> _YOUR TASK_
In the data below, find the line with "Lächelndes junges Paar" and the line with "Large quantity of", then restate both and every line between them exactly, minus the pictures.

> _EXERCISE MATERIALS_
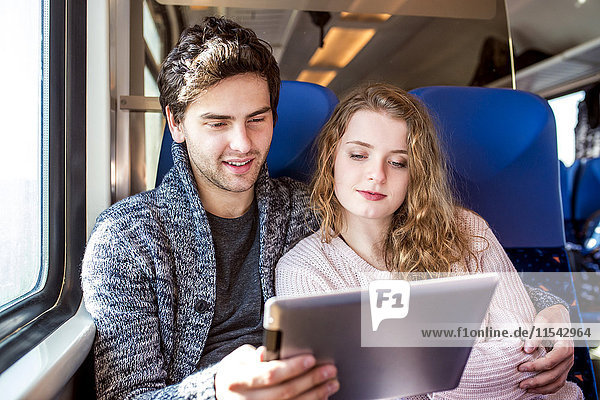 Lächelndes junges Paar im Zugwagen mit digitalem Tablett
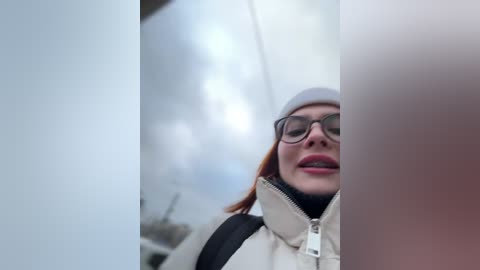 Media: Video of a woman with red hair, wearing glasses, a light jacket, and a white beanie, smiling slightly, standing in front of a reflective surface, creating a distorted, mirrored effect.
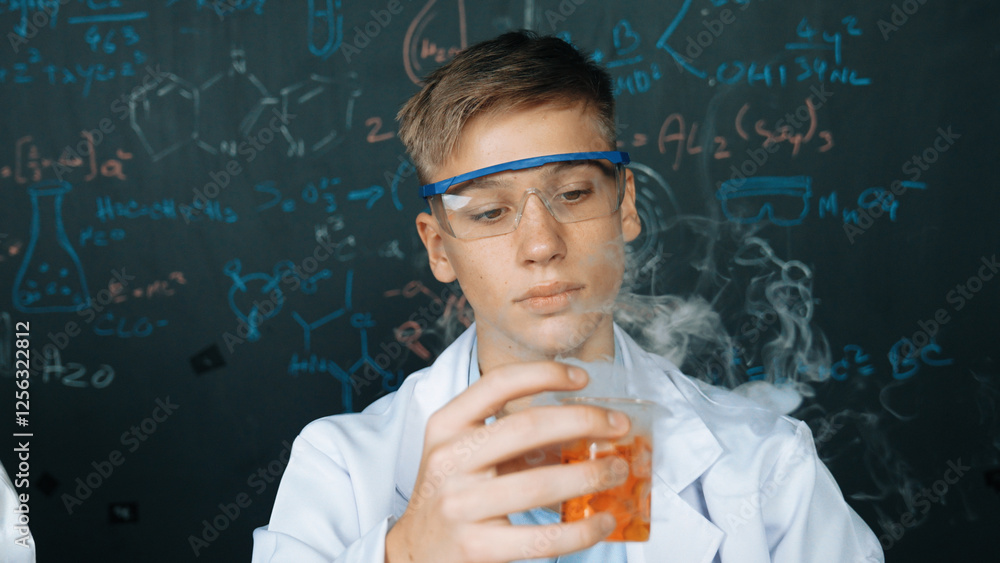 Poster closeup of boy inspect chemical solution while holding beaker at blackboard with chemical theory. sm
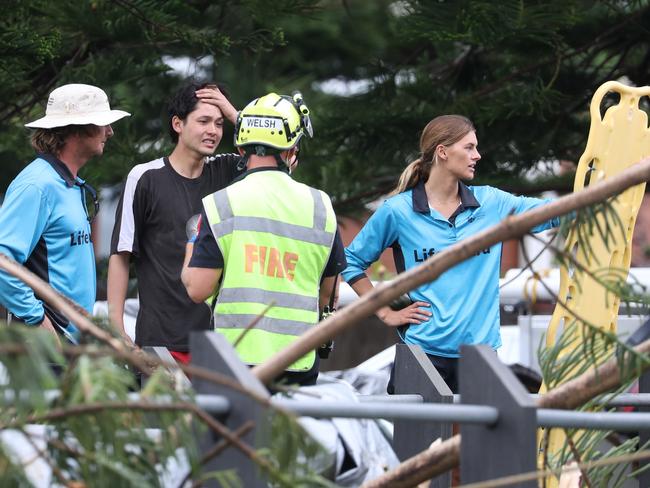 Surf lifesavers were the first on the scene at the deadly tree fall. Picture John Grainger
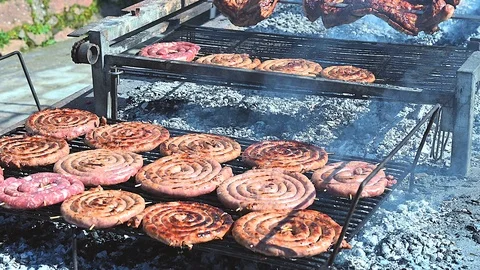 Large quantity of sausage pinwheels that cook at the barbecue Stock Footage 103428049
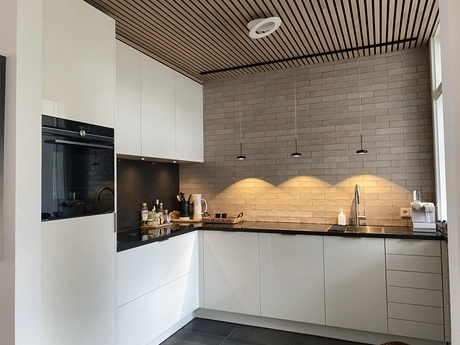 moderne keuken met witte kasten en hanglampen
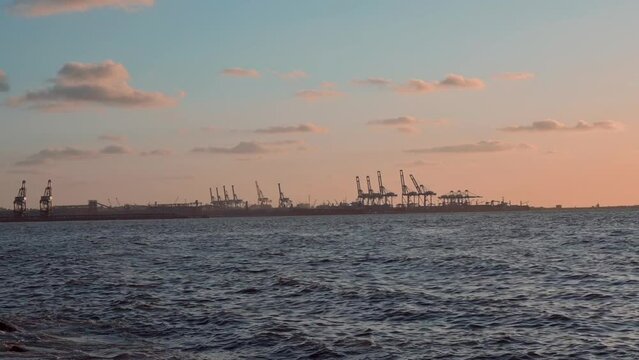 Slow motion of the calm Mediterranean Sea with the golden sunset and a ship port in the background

--

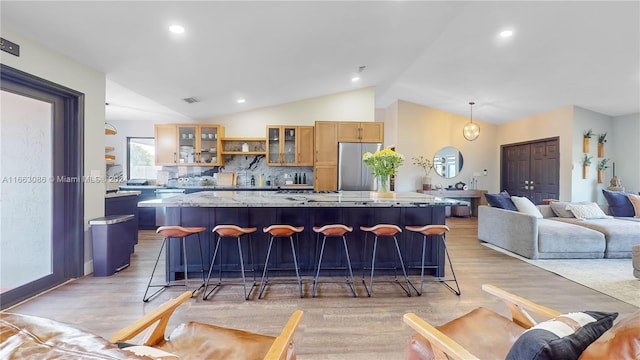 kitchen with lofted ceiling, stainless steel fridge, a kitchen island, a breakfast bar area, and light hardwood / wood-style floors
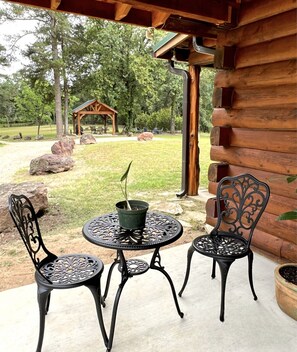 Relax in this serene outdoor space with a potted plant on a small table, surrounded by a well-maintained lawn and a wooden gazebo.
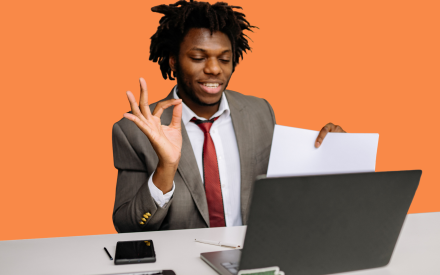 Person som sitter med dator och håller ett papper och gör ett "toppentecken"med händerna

--

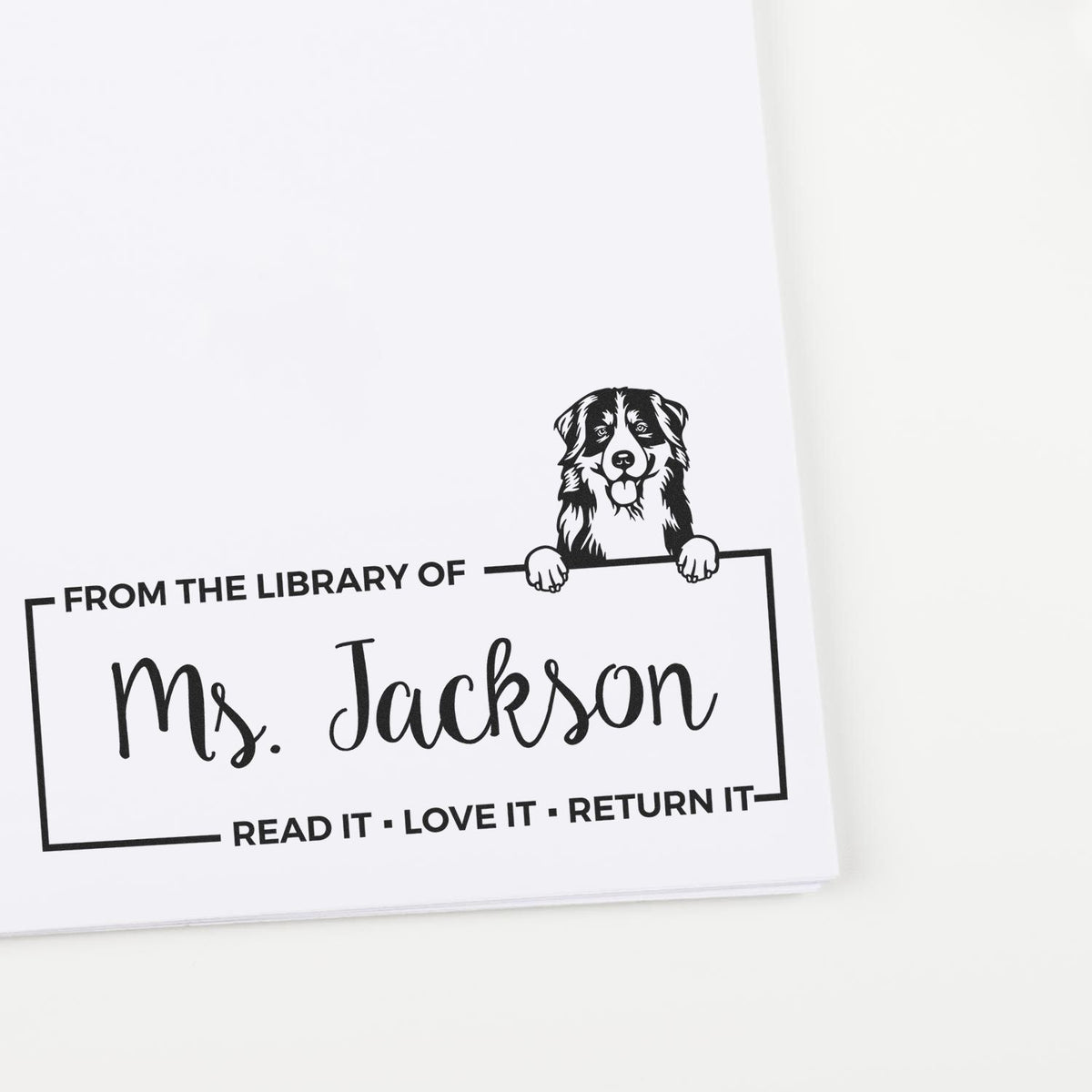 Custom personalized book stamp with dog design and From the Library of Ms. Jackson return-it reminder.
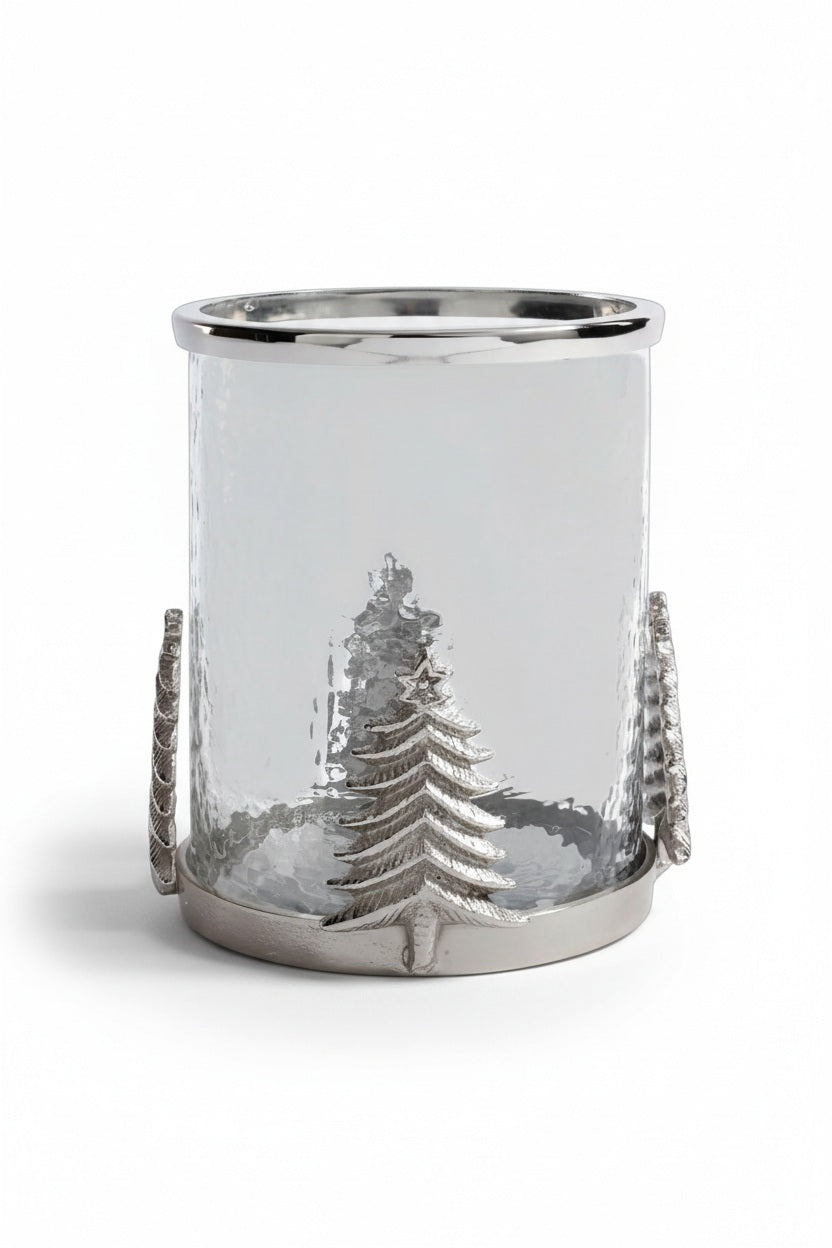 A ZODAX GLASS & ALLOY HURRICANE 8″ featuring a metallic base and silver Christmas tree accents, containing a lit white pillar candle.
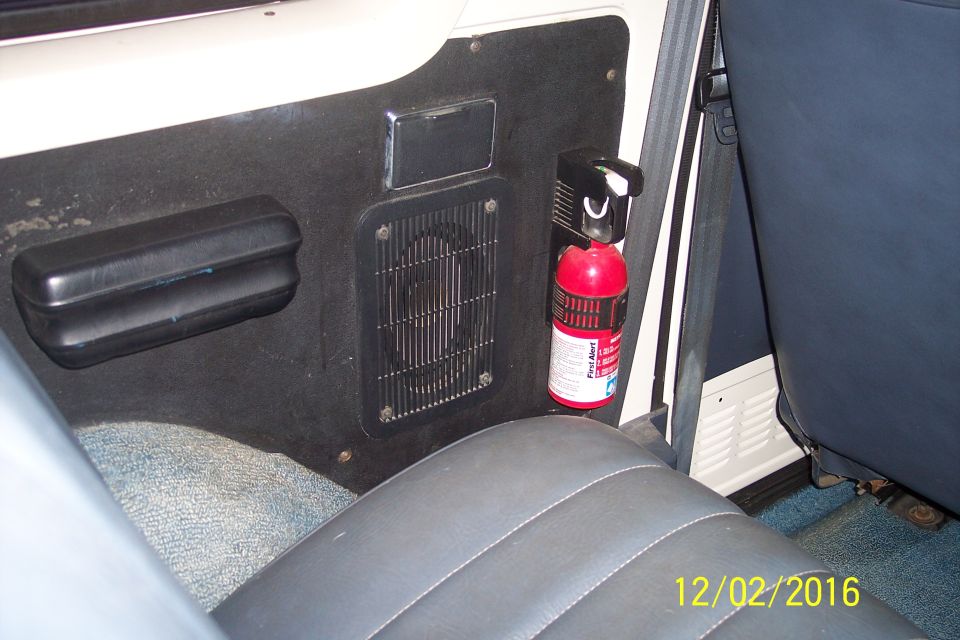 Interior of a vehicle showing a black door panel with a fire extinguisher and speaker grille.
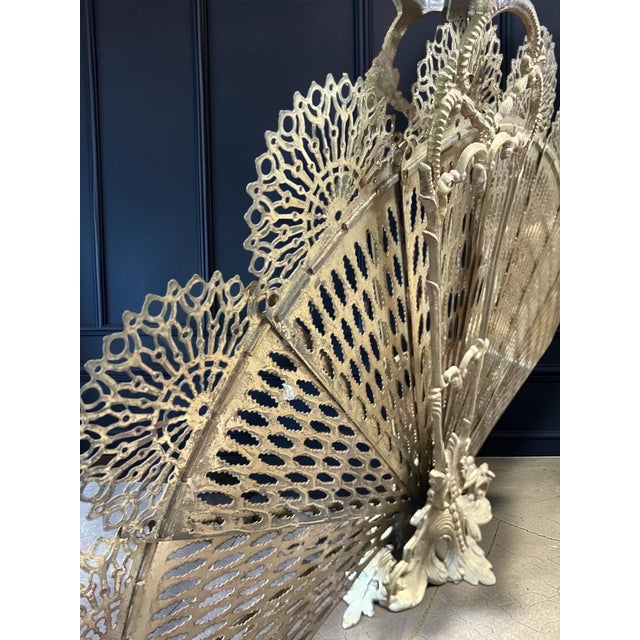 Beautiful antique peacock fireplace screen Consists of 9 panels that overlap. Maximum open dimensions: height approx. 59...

> _SOLUTION BELOW_
 Lächelndes junges Paar im Zugwagen mit digitalem Tablett
 Media: Video of a woman with red hair, wearing glasses, a light jacket, and a white beanie, smiling slightly, standing in front of a reflective surface, creating a distorted, mirrored effect.
 Poster closeup of boy inspect chemical solution while holding beaker at blackboard with chemical theory. sm
 Surf lifesavers were the first on the scene at the deadly tree fall. Picture John Grainger
 Large quantity of sausage pinwheels that cook at the barbecue Stock Footage 103428049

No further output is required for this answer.